Qui, però, notiamo una differenza che esaspera ancora il confronto fra storia e geografia. Molti stati, infatti, pur nella loro scelta identitaria, fanno appello a strumentazioni didattiche a volte avveniristiche, come, per esempio, la Polonia che inserisce nel curriculum un videogioco che insegnerà ai piccoli polacchi l’amore per la loro patria.
Le Indicazioni italiane, al contrario, fanno di tutto per sconsigliare soluzioni didattiche, dal ricorso ai «grandi temi», all’uso dei documenti che prevederebbe discussioni storiografiche troppo sofisticate per gli allievi, ai mezzi audiovisivi e digitali, considerati «non in grado di promuovere il pensiero critico e l’analisi storica».
Un contrasto evidente con la disciplina sorella, nella quale si sollecita l’uso di «fonti scritte, testi letterari, opere d’arte, fotografie, audiovisivi, prodotti multimediali e dati statistici» e, naturalmente, di ogni genere di carte, anche digitali e del GIS.
Gli insegnamenti “tradizionali”
In geografia la didattica innerva il testo.
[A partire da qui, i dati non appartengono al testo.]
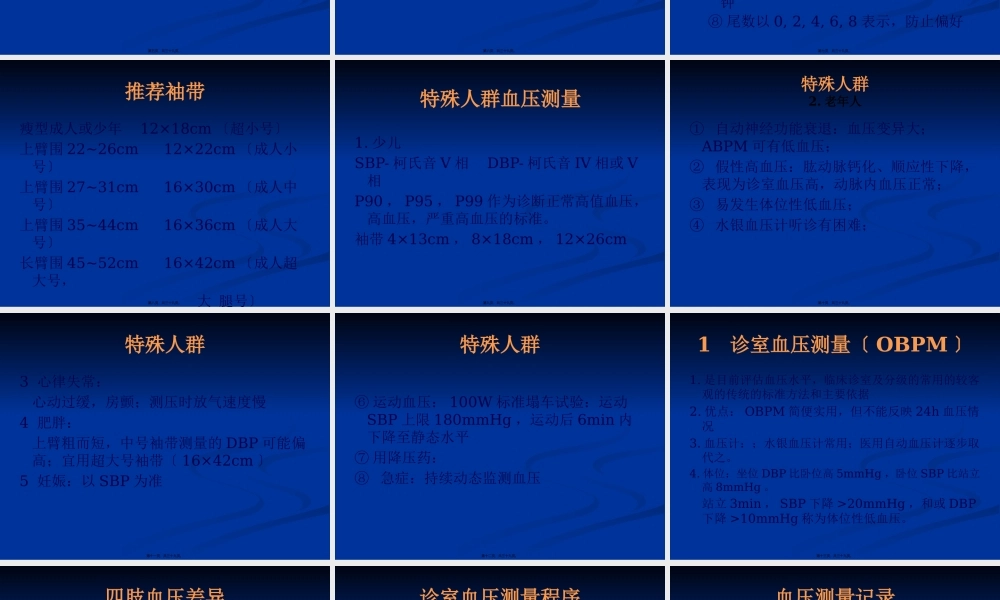 中国血压测量指南-12-5-8王-文资料.pptx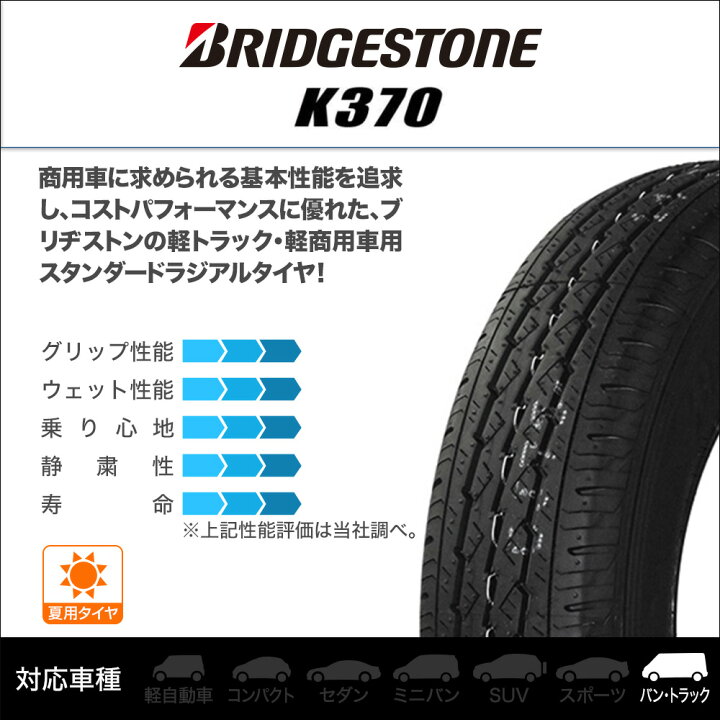 楽天市場】【タイヤ交換可能】新品 サマータイヤ・夏タイヤ単品 送料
In storia è, semplicemente, bandita. Questa osservazione getta luce sulla politica scolastica degli autori del documento di storia: legittimare quella massa di insegnanti che, aliena da qualsiasi innovazione, si attesta saldamente nell’uso pressoché esclusivo del manuale e della lezione, magari sognando di parlare agli allievi dall’alto di una predella, come Galli della Loggia suggeriva in una lettera indirizzata alla ministra Letizia Moratti (Corriere della sera, 18 giugno 2005).
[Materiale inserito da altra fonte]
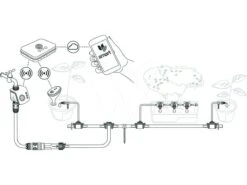 Gardena Smart Watering Set Terras(19105) -Gardena tuingereedschapwinkel Gardena20Smart20System20micro drip terras balkon205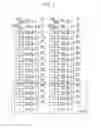 Fig. 04 - Display device including gate driver including repetition units of stages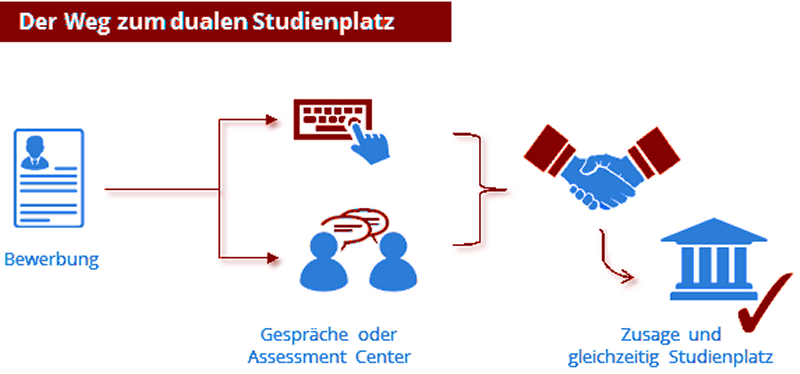 Grafik über Bewerbungsablauf für duales Studium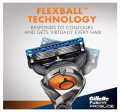 Gillette Fusion ProGlide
Sono questi insegnanti “tradizionali” che potranno salvare la scuola dalla catastrofe causata dagli improvvidi innovatori, che – da don Milani a De Mauro – hanno invaso le aule: queste Indicazioni non sono altro che la messa in pratica di ciò che Galli Della Loggia e Loredana Perla scrivono nel loro pamphlet Insegnare l’Italia (Morcelliana, 2023).
Così, ai docenti si prospetta un futuro quasi fantascientifico. Dovranno essere futuristici dottor Jekyll didattici nell’ora di geografia, e tramutarsi nell’ora successiva in mr. Hyde, cantori di una storia di due secoli e mezzo fa. Come annunciato, la Commissione si apre alle consultazioni e al dibattito.
Una buona decisione, specialmente se ci sarà una disposizione ad accogliere i suggerimenti. Il mio è che le due discipline sorelle siano accomunate da un solo incipit: «Dopo aver concorso in passato a “fare gli italiani”, la geografia e la storia hanno oggi il compito di allargare lo sguardo sul mondo …».